A verbatim copy of the listing is what is needed, minus any pictures.
[Opening Dataset content section]
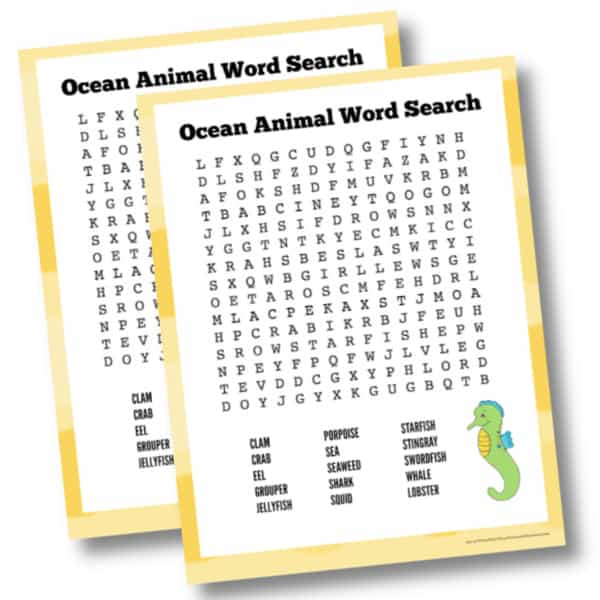 free printable ocean animal word searches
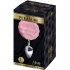 Plug Anal Liso de Metal con Pompon Rosa Talla S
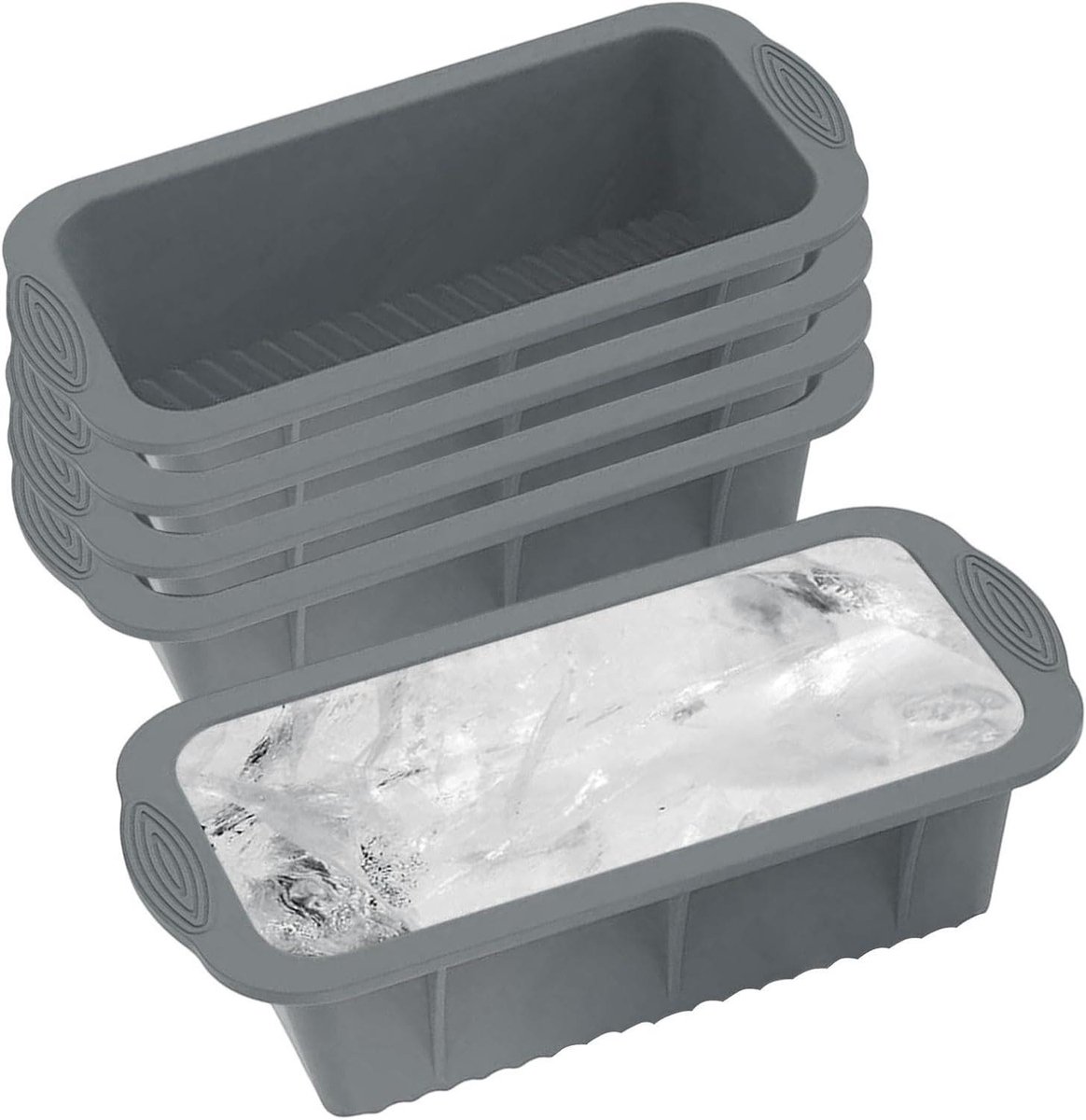 IJsblokjesvormen Set - Bewaardozen Vriezer - Koudwater Dompelen - Duurzame Extractie - 25 x 12 x 9 cm - Grijs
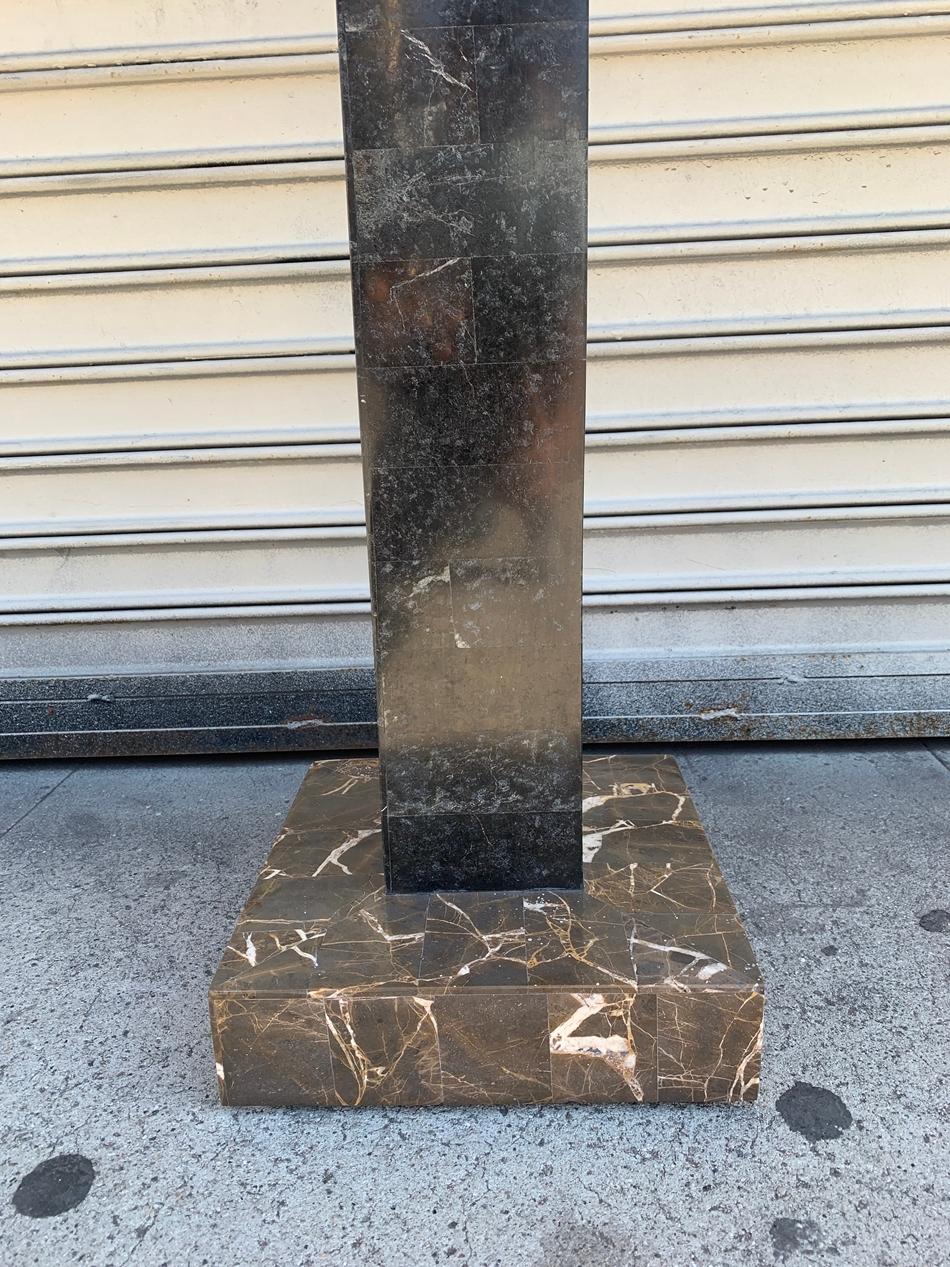 American Tessellated Stone Pedestal Attb to Karl Springer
[Closing Dataset content section]
[Written response]:
 free printable ocean animal word searches
 Plug Anal Liso de Metal con Pompon Rosa Talla S
 IJsblokjesvormen Set - Bewaardozen Vriezer - Koudwater Dompelen - Duurzame Extractie - 25 x 12 x 9 cm - Grijs
 American Tessellated Stone Pedestal Attb to Karl Springer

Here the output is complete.